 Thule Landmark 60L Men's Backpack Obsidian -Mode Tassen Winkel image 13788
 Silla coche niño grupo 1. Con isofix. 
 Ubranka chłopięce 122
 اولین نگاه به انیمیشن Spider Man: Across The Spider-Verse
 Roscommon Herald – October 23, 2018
..........
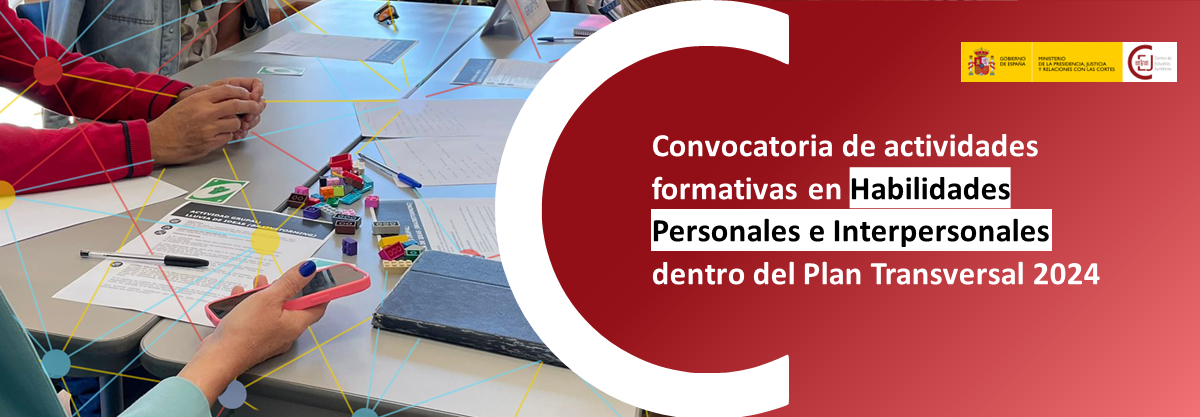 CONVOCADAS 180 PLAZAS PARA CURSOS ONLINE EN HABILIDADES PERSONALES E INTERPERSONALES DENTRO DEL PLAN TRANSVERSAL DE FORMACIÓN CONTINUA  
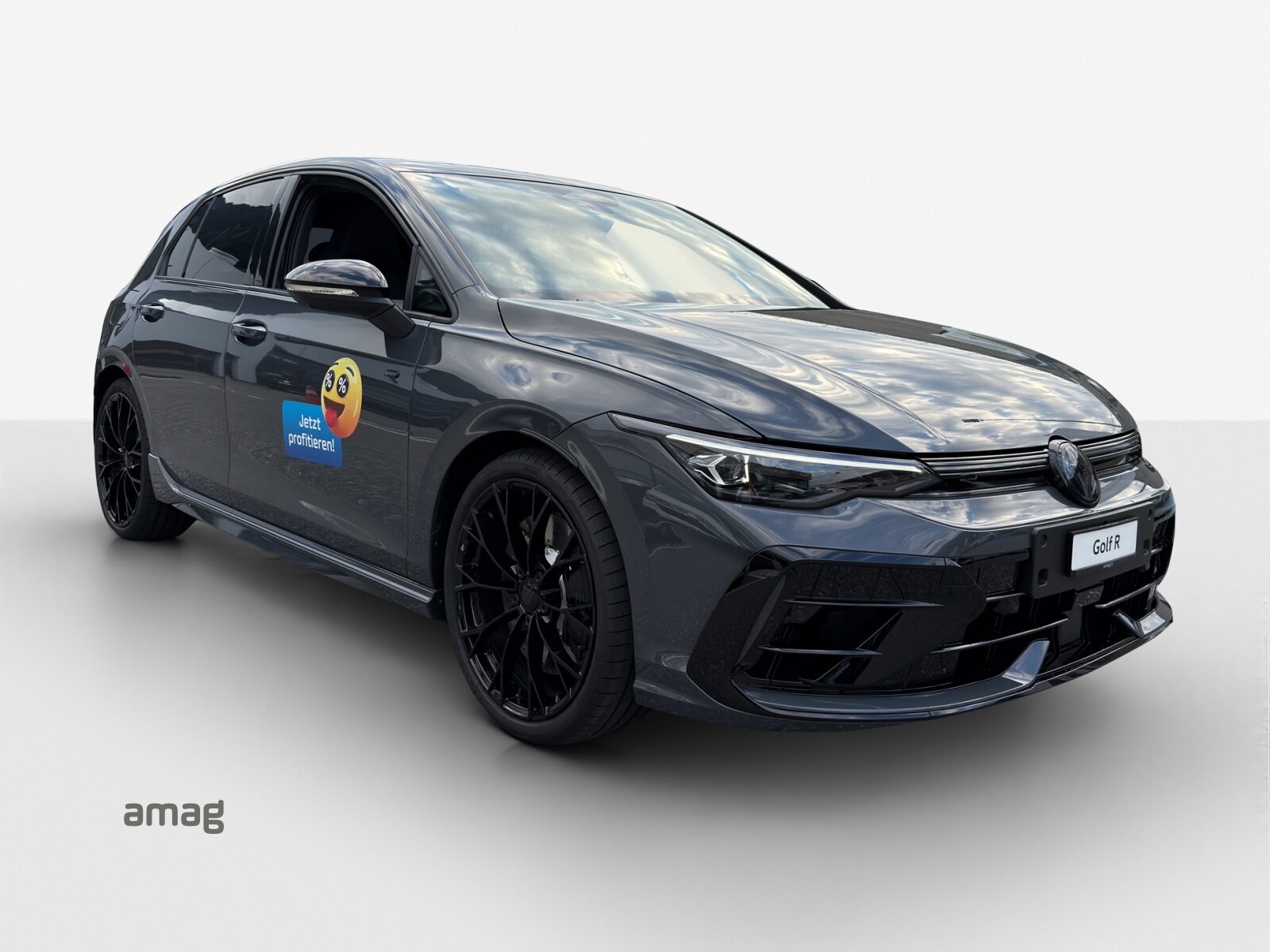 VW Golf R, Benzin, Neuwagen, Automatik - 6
..........
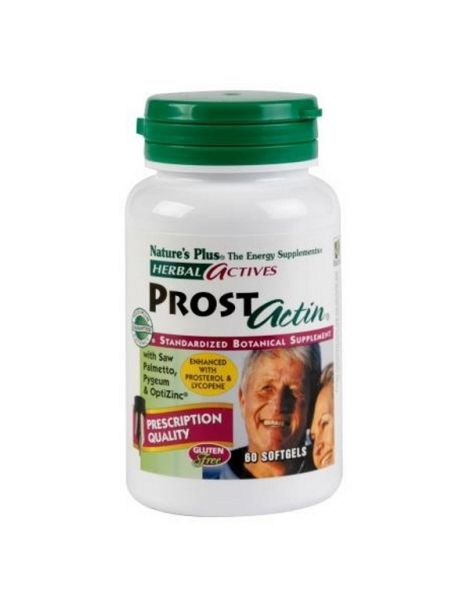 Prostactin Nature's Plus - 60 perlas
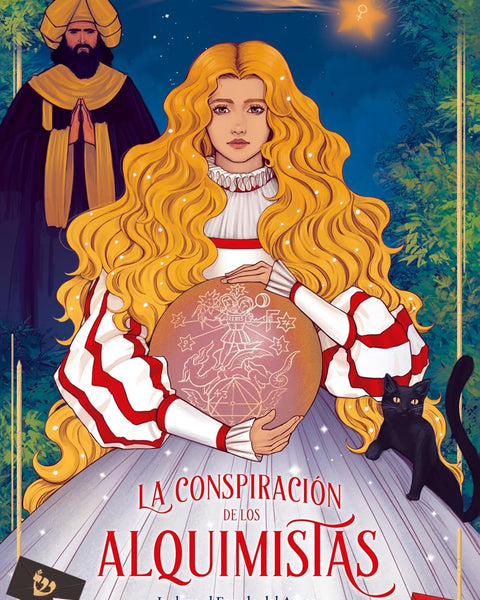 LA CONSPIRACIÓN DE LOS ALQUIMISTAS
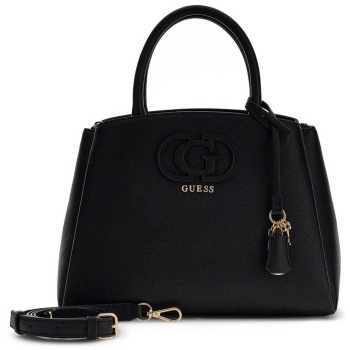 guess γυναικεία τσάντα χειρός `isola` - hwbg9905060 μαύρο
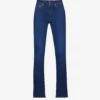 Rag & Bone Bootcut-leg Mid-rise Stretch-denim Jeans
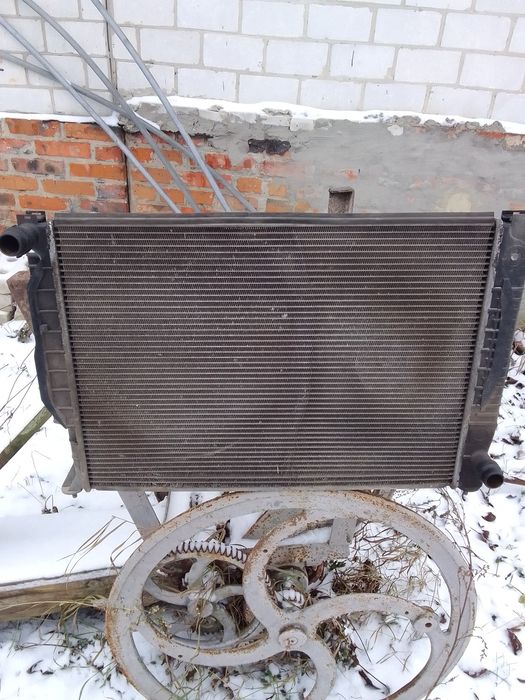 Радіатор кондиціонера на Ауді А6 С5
..........
YOUR OBJECTIVE
Please output exactly the lines between the one holding "اولین نگاه به" and the one holding "Roscommon Herald – October 23, 2018" in the records above, inclusive, and nothing more.

RESPONSE TO THIS TASK
 اولین نگاه به انیمیشن Spider Man: Across The Spider-Verse
 Roscommon Herald – October 23, 2018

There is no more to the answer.